* Your goal *
Leaving out every image, restate all the records word for word.

* Data listing *
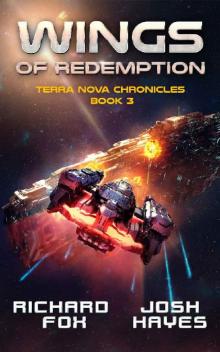 Wings of Redemption (The Terra Nova Chronicles Book 3)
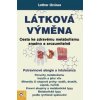 Látková výměna - Cesta ke zdravému metabolismu snadno a srozumitelně - Ursinus Lothar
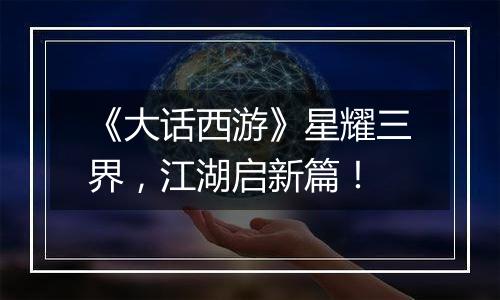 《大话西游》星耀三界，江湖启新篇！
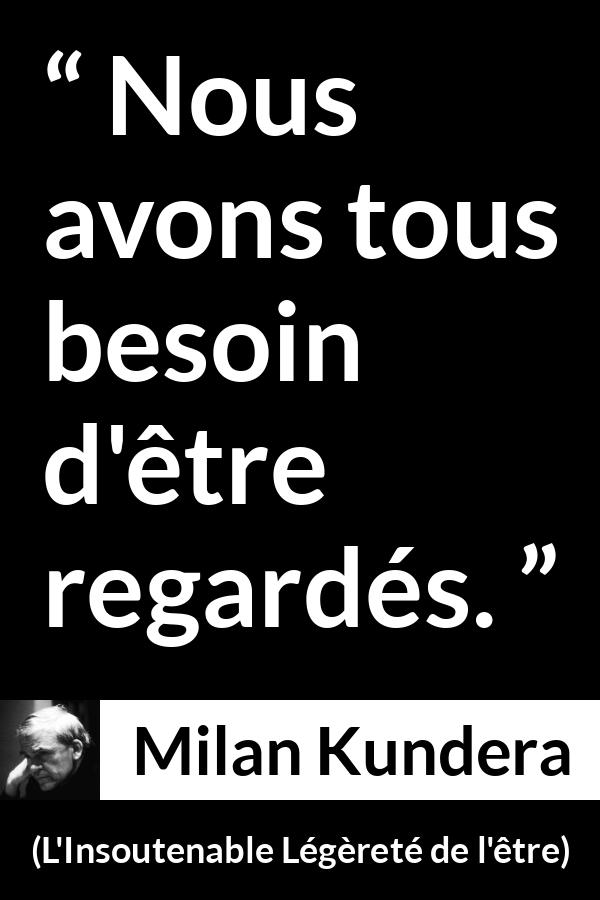 Citation de Milan Kundera sur autrui tirée de L'Insoutenable Légèreté de l'être - Nous avons tous besoin d'être regardés.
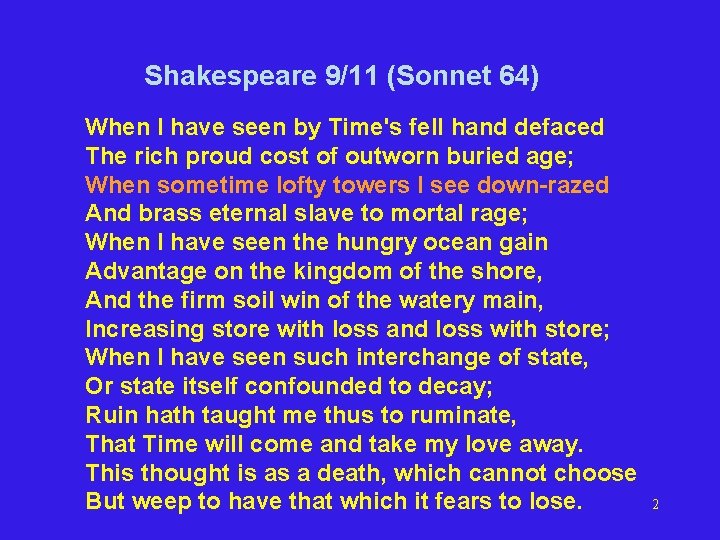 Shakespeare 9/11 (Sonnet 64) When I have seen by Time's fell hand defaced The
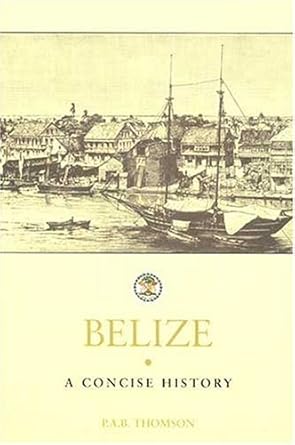 belize a concise history 1st edition p a b thomson 0333779258, 978-0333779255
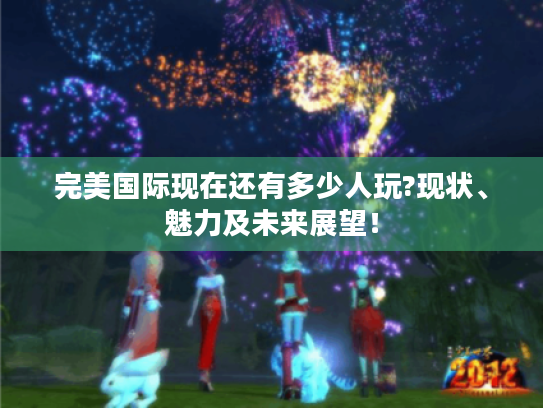完美国际现在还有多少人玩?现状、魅力及未来展望！
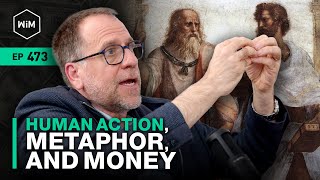 Human Action Metaphor and Money with John Vervaeke WiM473 [upl. by Newo935]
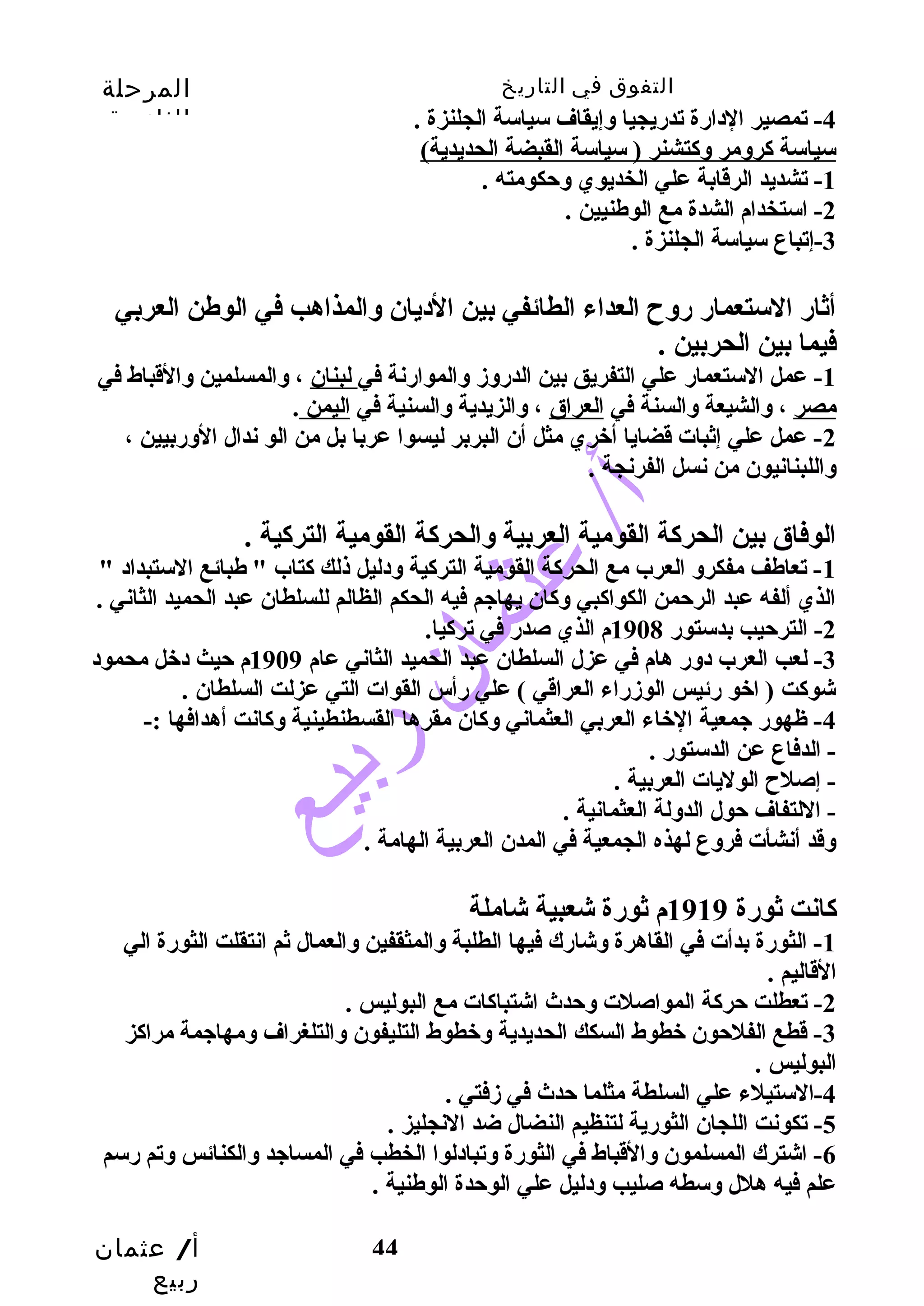 التفوق في التاريخ المرحلة 
الثانوية 
أ/ عثمان 
ربيع 
44 
-4 تمصير الدارة تدريجيا وسإيقاف سياسة الجلنزة . 
سياسة كروسمر وسكتشنر ( سياسة القبضة الحديدية) 
-1 تشديد الرقابة علي الخديوي وسحتكومته . 
-2 استخدام الشدة مع الوطنيين . 
-3 إتباع سياسة الجلنزة . 
أثار الستعمار روسح  العداء الطائفي بين الديان وسالمذاهب في الوطن العربي 
فيما بين الحربين . 
-1 عمل الستعمار علي التفريق بين الدروسزم وسالموارنة في لبنان ، وسالمسلمين وسالقباط في 
مصر ، وسالشيعة وسالسنة في العراق ، وسالزيدية وسالسنية في اليمن . 
-2 عمل علي إثبات قضايا أخري مثل أن البربر ليسوا عربا بل من الو ندال الوسربيين ، 
وساللبنانيون من نسل الفرنجة . 
الوفاق بين الحركة القومية العربية وسالحركة القومية التركية . 
-1 تعاطف مفكروس العرب مع الحركة القومية التركية وسدليل ذلك كتاب " طبائع الستبداد " 
الذي ألفه عبد الرحتمن الكواكبي وسكان يهاجيم فيه الحكم الظالم للسلطان عبد الحميد الثاني . 
-2 الترحتيب بدستور 1908 م الذي صدر في تركيا. 
-3 لعب العرب دوسر هام في عزل السلطان عبد الحميد الثاني عام 1909 م حتيث دخل محمود 
شوكت ( اخو رئيس الوزمراء العراقي ) علي رأس القوات التي عزلت السلطان . 
-4 ظهور جيمعية الخاء العربي العثماني وسكان مقرها القسطنطينية وسكانت أهدافها :- 
- الدفاع عن الدستور . 
- إصلح  الوليات العربية . 
- اللتفاف حتول الدوسلة العثمانية . 
وسقد أنشأت فروسع لهذه الجمعية في المدن العربية الهامة . 
كانت ثورة 1919 م ثورة شعبية شاملة 
-1 الثورة بدأت في القاهرة وسشارك فيها الطلبة وسالمثقفين وسالعمال ثم انتقلت الثورة الي 
القاليم . 
-2 تعطلت حتركة المواصلت وسحتدث اشتباكات مع البوليس . 
-3 قطع الفلحتون خطوط السكك الحديدية وسخطوط التليفون وسالتلغراف وسمهاجيمة مراكز 
البوليس . 
-4 الستيلء علي السلطة مثلما حتدث في زمفتي . 
-5 تكونت اللجان الثورية لتنظيم النضال ضد النجليز . 
-6 اشترك المسلمون وسالقباط في الثورة وستبادلوا الخطب في المساجيد وسالكنائس وستم رسم 
علم فيه هلل وسسطه صليب وسدليل علي الوحتدة الوطنية . 
 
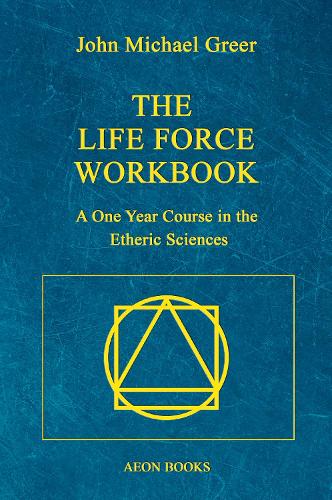 The Life Force Workbook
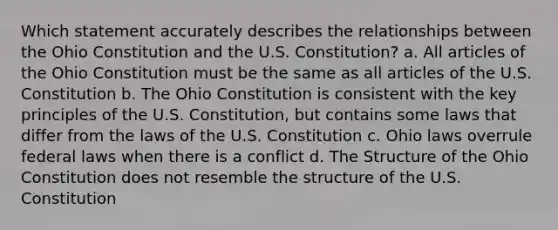 Which statement accurately describes the relationships between the Ohio Constitution and the U.S. Constitution? a. All articles of the Ohio Constitution must be the same as all articles of the U.S. Constitution b. The Ohio Constitution is consistent with the key principles of the U.S. Constitution, but contains some laws that differ from the laws of the U.S. Constitution c. Ohio laws overrule federal laws when there is a conflict d. The Structure of the Ohio Constitution does not resemble the structure of the U.S. Constitution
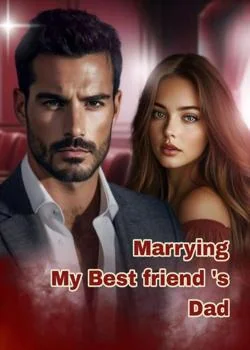 Marrying My Best Friend's Dad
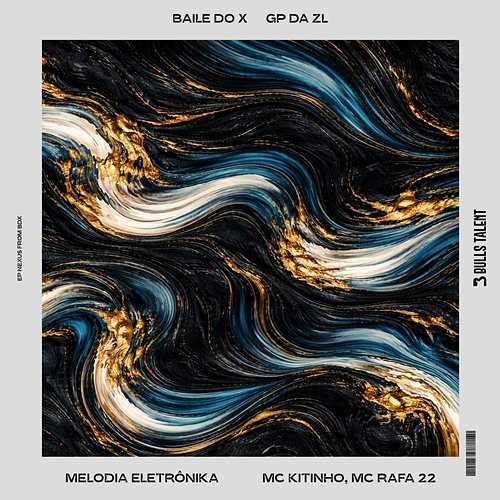 MELODIA ELETRÔNIKA Baile do X, GP DA ZL, Mc Kitinho, MC Rafa 22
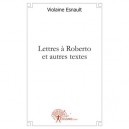 Lettres A Roberto Et Autres Textes - Violaine Esnault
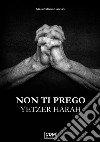 Non ti prego. Yetzer Harah libro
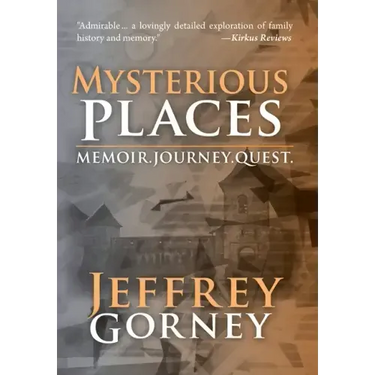 Mysterious Places: Memoir. Journey. Quest.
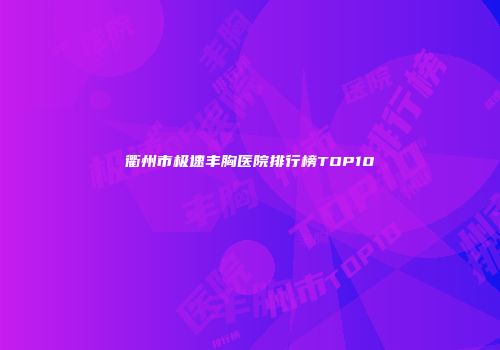 衢州市极速丰胸医院排行榜TOP10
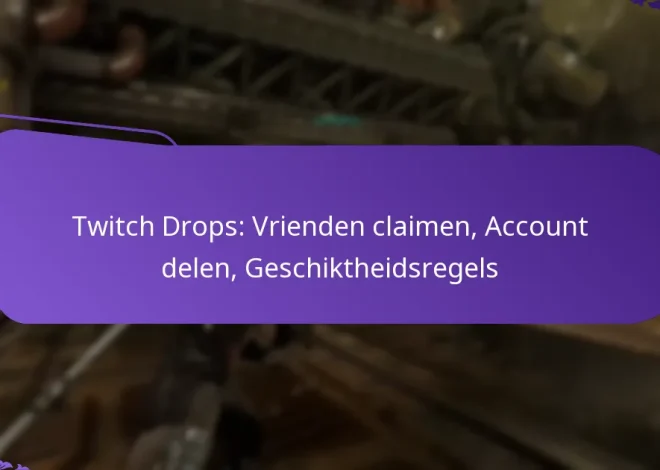 Twitch Drops: Vrienden claimen, Account delen, Geschiktheidsregels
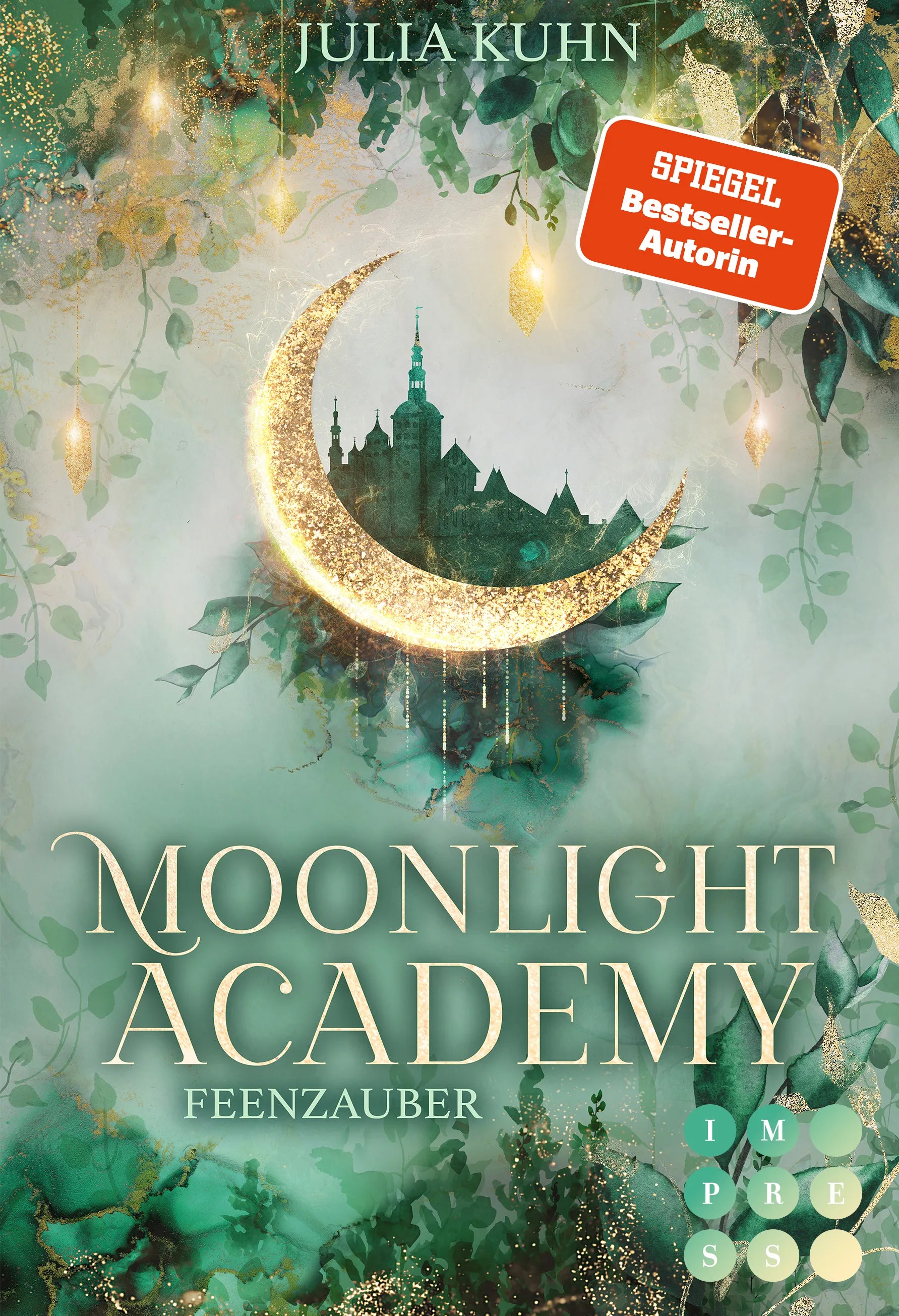 Buchcover von 'Moonlight Academy. Feenzauber' - Paperback von Julia Kuhn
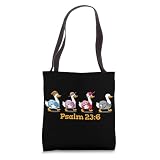 Christian Faith Surely Goodness Mercy Psalm 23 6 Funny Goose Tote Bag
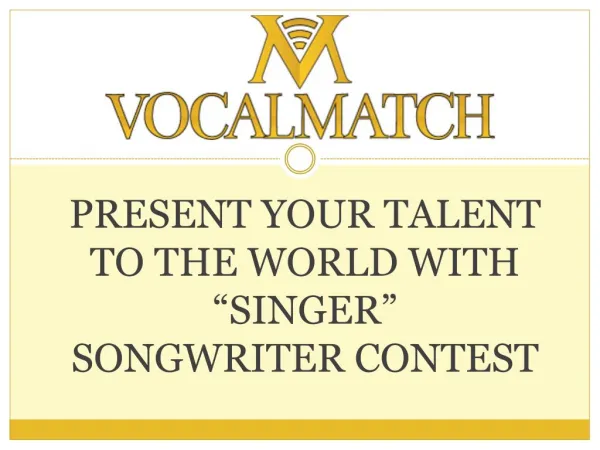 Present your skills to the world with singer songwriter contest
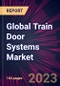 Global Train Door Systems Market 2024-2028 - Product Image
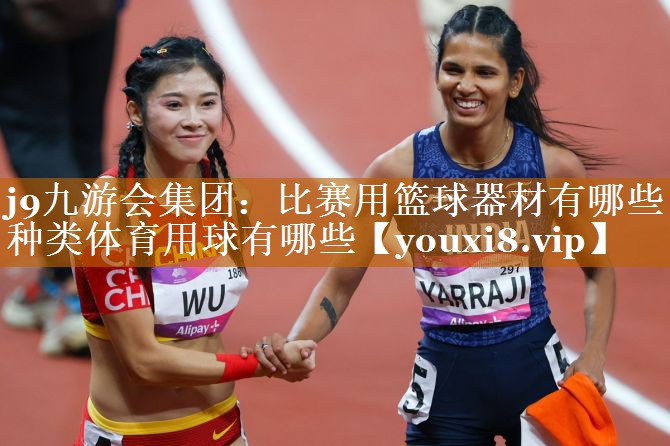 j9九游會集團：比賽用籃球器材有哪些種類體育用球有哪些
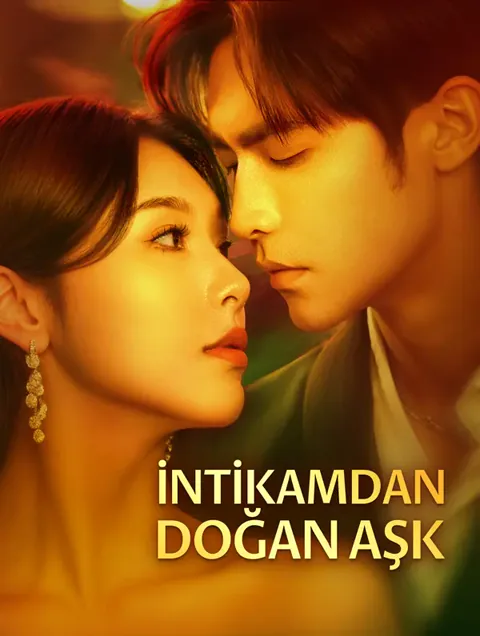 İNTİKAMDAN DOĞAN AŞK(Dublajlı) afişi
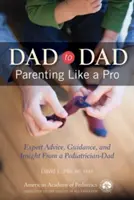 De père en père : Être parent comme un pro - Dad to Dad: Parenting Like a Pro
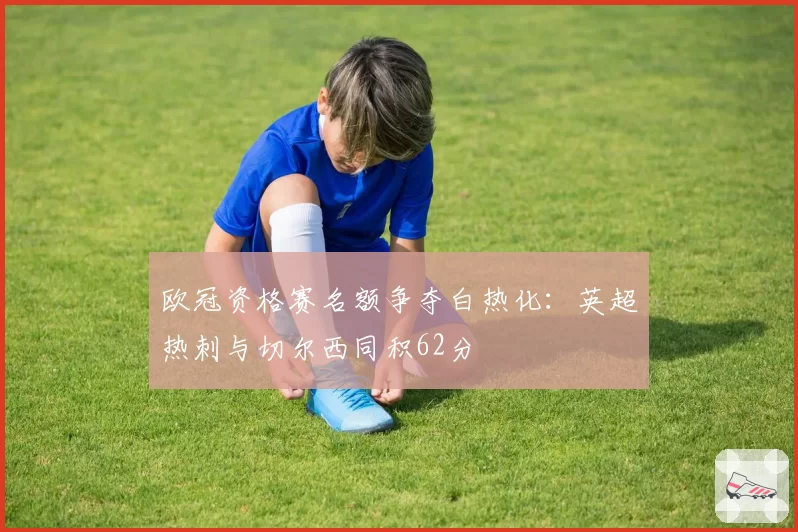 欧冠资格赛名额争夺白热化：英超热刺与切尔西同积62分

* Solution *
 Wings of Redemption (The Terra Nova Chronicles Book 3)
 Látková výměna - Cesta ke zdravému metabolismu snadno a srozumitelně - Ursinus Lothar
 《大话西游》星耀三界，江湖启新篇！
 Citation de Milan Kundera sur autrui tirée de L'Insoutenable Légèreté de l'être - Nous avons tous besoin d'être regardés.
 Shakespeare 9/11 (Sonnet 64) When I have seen by Time's fell hand defaced The
 belize a concise history 1st edition p a b thomson 0333779258, 978-0333779255
完美国际现在还有多少人玩?现状、魅力及未来展望！
 Human Action Metaphor and Money with John Vervaeke WiM473 [upl. by Newo935]
 التفوق في التاريخ المرحلة 
الثانوية 
أ/ عثمان 
ربيع 
44 
-4 تمصير الدارة تدريجيا وسإيقاف سياسة الجلنزة . 
سياسة كروسمر وسكتشنر ( سياسة القبضة الحديدية) 
-1 تشديد الرقابة علي الخديوي وسحتكومته . 
-2 استخدام الشدة مع الوطنيين . 
-3 إتباع سياسة الجلنزة . 
أثار الستعمار روسح  العداء الطائفي بين الديان وسالمذاهب في الوطن العربي 
فيما بين الحربين . 
-1 عمل الستعمار علي التفريق بين الدروسزم وسالموارنة في لبنان ، وسالمسلمين وسالقباط في 
مصر ، وسالشيعة وسالسنة في العراق ، وسالزيدية وسالسنية في اليمن . 
-2 عمل علي إثبات قضايا أخري مثل أن البربر ليسوا عربا بل من الو ندال الوسربيين ، 
وساللبنانيون من نسل الفرنجة . 
الوفاق بين الحركة القومية العربية وسالحركة القومية التركية . 
-1 تعاطف مفكروس العرب مع الحركة القومية التركية وسدليل ذلك كتاب " طبائع الستبداد " 
الذي ألفه عبد الرحتمن الكواكبي وسكان يهاجيم فيه الحكم الظالم للسلطان عبد الحميد الثاني . 
-2 الترحتيب بدستور 1908 م الذي صدر في تركيا. 
-3 لعب العرب دوسر هام في عزل السلطان عبد الحميد الثاني عام 1909 م حتيث دخل محمود 
شوكت ( اخو رئيس الوزمراء العراقي ) علي رأس القوات التي عزلت السلطان . 
-4 ظهور جيمعية الخاء العربي العثماني وسكان مقرها القسطنطينية وسكانت أهدافها :- 
- الدفاع عن الدستور . 
- إصلح  الوليات العربية . 
- اللتفاف حتول الدوسلة العثمانية . 
وسقد أنشأت فروسع لهذه الجمعية في المدن العربية الهامة . 
كانت ثورة 1919 م ثورة شعبية شاملة 
-1 الثورة بدأت في القاهرة وسشارك فيها الطلبة وسالمثقفين وسالعمال ثم انتقلت الثورة الي 
القاليم . 
-2 تعطلت حتركة المواصلت وسحتدث اشتباكات مع البوليس . 
-3 قطع الفلحتون خطوط السكك الحديدية وسخطوط التليفون وسالتلغراف وسمهاجيمة مراكز 
البوليس . 
-4 الستيلء علي السلطة مثلما حتدث في زمفتي . 
-5 تكونت اللجان الثورية لتنظيم النضال ضد النجليز . 
-6 اشترك المسلمون وسالقباط في الثورة وستبادلوا الخطب في المساجيد وسالكنائس وستم رسم 
علم فيه هلل وسسطه صليب وسدليل علي الوحتدة الوطنية . 
 
 The Life Force Workbook
 Which statement accurately describes the relationships between the Ohio Constitution and the U.S. Constitution? a. All articles of the Ohio Constitution must be the same as all articles of the U.S. Constitution b. The Ohio Constitution is consistent with the key principles of the U.S. Constitution, but contains some laws that differ from the laws of the U.S. Constitution c. Ohio laws overrule federal laws when there is a conflict d. The Structure of the Ohio Constitution does not resemble the structure of the U.S. Constitution
 Marrying My Best Friend's Dad
 MELODIA ELETRÔNIKA Baile do X, GP DA ZL, Mc Kitinho, MC Rafa 22
 Lettres A Roberto Et Autres Textes - Violaine Esnault
 Non ti prego. Yetzer Harah libro
 Mysterious Places: Memoir. Journey. Quest.
 衢州市极速丰胸医院排行榜TOP10
 Twitch Drops: Vrienden claimen, Account delen, Geschiktheidsregels
 Buchcover von 'Moonlight Academy. Feenzauber' - Paperback von Julia Kuhn
 Christian Faith Surely Goodness Mercy Psalm 23 6 Funny Goose Tote Bag
 Present your skills to the world with singer songwriter contest
 Global Train Door Systems Market 2024-2028 - Product Image
 j9九游會集團：比賽用籃球器材有哪些種類體育用球有哪些
 İNTİKAMDAN DOĞAN AŞK(Dublajlı) afişi
 De père en père : Être parent comme un pro - Dad to Dad: Parenting Like a Pro
 欧冠资格赛名额争夺白热化：英超热刺与切尔西同积62分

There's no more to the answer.